Estragon: Man braucht nur nicht hinzuschauen.
Wladimir: Es zieht den Blick an.
Estragon: Eben.
Wladimir: Ganz unwillkürlich.
(Samuel Beckett, Warten auf Godot)

Als ein Haus von Becketts skurrilen Gedankenkonstrukten ließe sich "Shelter" vielleicht beschreiben. Unerwartetes und Unangenehmes tut sich auf, hat man die so geordneten, klaren Gänge des Hauses der Kunst hinter sich gelassen und im ersten Stock den Raumkomplex der Installation von Christoph Büchel betreten. Man befindet sich plötzlich mitten in einer Wartehalle. Sterile Stuhlreihen sind links und rechts angeordnet, die Getränkeautomaten wurden bereits vollkommen geleert und nicht wieder gefüllt. Doch es fehlen die Wartenden. Einzig in der Mitte der Halle zeugt eine ausgelaufene Einkaufstüte von Dagewesenem. Einen Raum weiter hat ein Penner mittels Matratze und Schlafsack sein Nachtlager aufgebaut und dieses wohl auch wieder verlassen. Nur eine surrende Belüftungsanlage ist noch in Betrieb. Ansonsten stehen die Räume still. Stahlrohre, enge Gänge und schmale Leitern führen von einem Raumschacht in den nächsten. Der Betrachter dringt immer tiefer in die beklemmende Tiefe dieses Gebäudes ein und kann sich dessen Wirkung nicht entziehen. Ein aufrechtes Gehen ist kaum möglich, Paletten auf dem Boden erschweren das Passieren. Man ist vollkommen in die Rauminstallation mit einbezogen, steigt über Pritschen, benutztes Geschirr und Essensreste, muss durch enge Rohre kriechen und überflutete Räume waten. Eine direkte Konfrontation mit den zurückgelassenen Gegenständen ist beklemmend - und unvermeidbar.

   
gespiegelte auswegslosigkeit

Leerstehende Wohnungen, Schächte, Keller oder Zelte bilden ein wiederkehrendes Thema des1966 geborene Schweizer Christoph Büchel. Mit ähnlichen Installationen wie "Shelter" hat er bereits in der Vergangenheit Aufsehen erregt. Er richtete Wohnungen von fiktiven Personen in vorgefundene Ausstellungsräume ein und konfrontierte den Besucher mit deren Leben.
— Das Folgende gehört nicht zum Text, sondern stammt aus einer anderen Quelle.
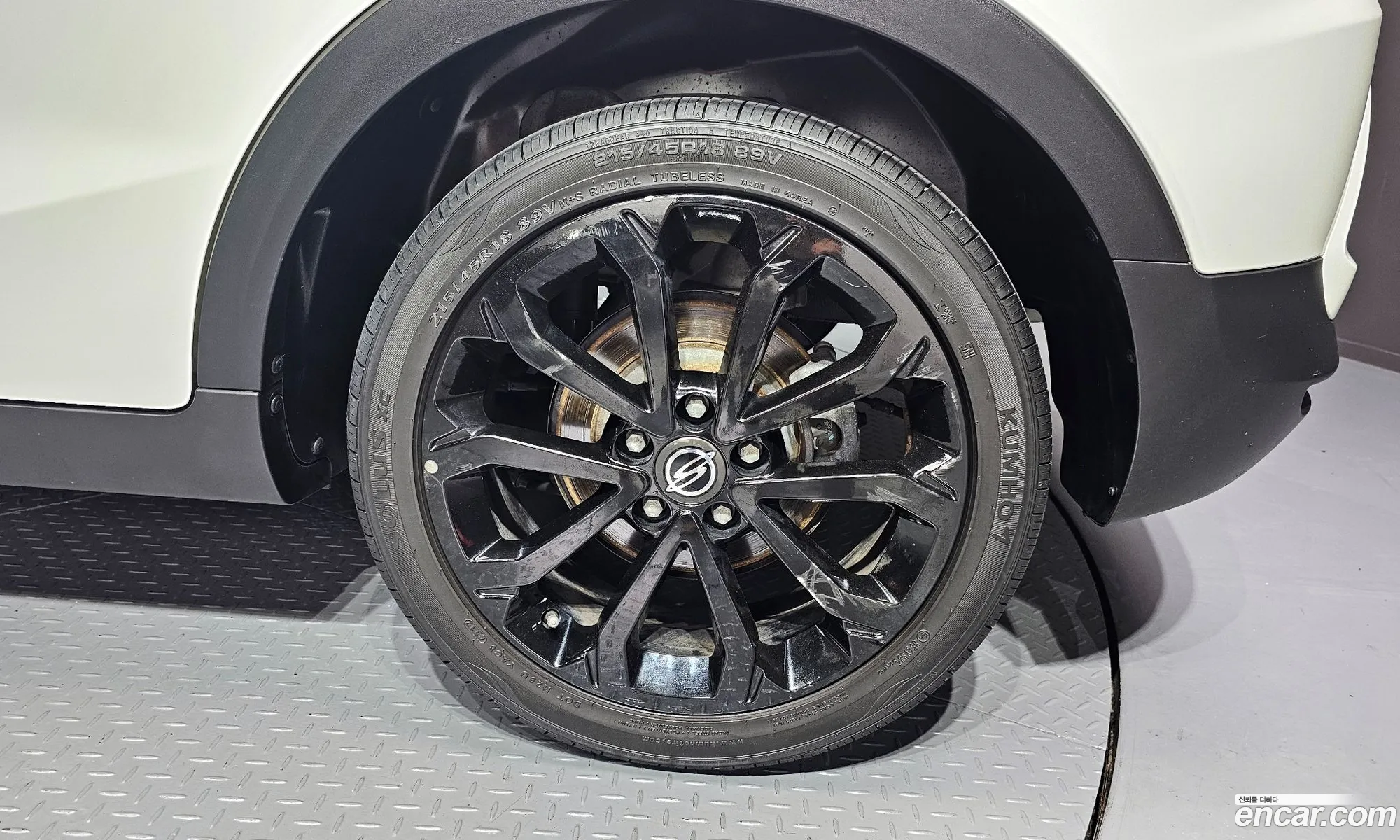 Kg Mobility Ssangyong Tivoli Armor Lx 2Wd - фотография 6486494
Ein Leben, das immer von psychischen Zwängen zeugt. Vor zwei Jahren arrangierte Büchel im Sprengler Museum Hannover eine mit "Lieber Kurt,..." betitelte Rauminstallation, welche die Privatsphäre eines Menschen zeigt, der an der Sisyphosarbeit nie zu Ende gebrachter Projekte zu scheitern schien.
Im Rahmen der Projektreihe "hosted by...", bei welchem der kunstraum münchen e. V. zu Gast im Haus der Kunst ausstellt, inszenierte Büchel den Gebäudekomplex "Shelter".
   
neue "wohnräume"


Durch die zahlreichen fensterlosen Räume mit ihren Belüftungsschächten und Rohrverbindungen erinnert der Raumkomplex an eine verlassene Fabrik. Verschiedene Menschen scheinen hier eine zeitlang Obdach gefunden zu haben. Die einzelnen Räume wurden als Schlafstätte, Bibliothek oder Waschraum mit den einfachsten Mitteln umfunktioniert. Diese neugeschaffenen "Wohnräume" zeugen von seelischen Konflikten, Verlorenheit, Ausweglosigkeit und existenziellen Grenzsituationen. Das Betreten der Räume übernimmt der Besucher in jeder Hinsicht auf eigene Verantwortung.
Das Primäre von Büchels Kunst ist weniger der architektonische Eingriff als die Wirkung auf den Betrachter. Hervorgerufen durch muffige, abgestandene Luft, das Rauschen von Belüftungsanlagen, Radiogedudel und sterile Beleuchtung wird man zwangsläufig mit allen Sinnen zum Voyeur fremder und eigener Ängste. Ähnlich wie in Gregor Schneiders "Haus ur" eröffnet sich in Büchels "Shelter" der Zugang zu einer anderen Welt. Der Besuch wird zu einem beklemmenden Erlebnis.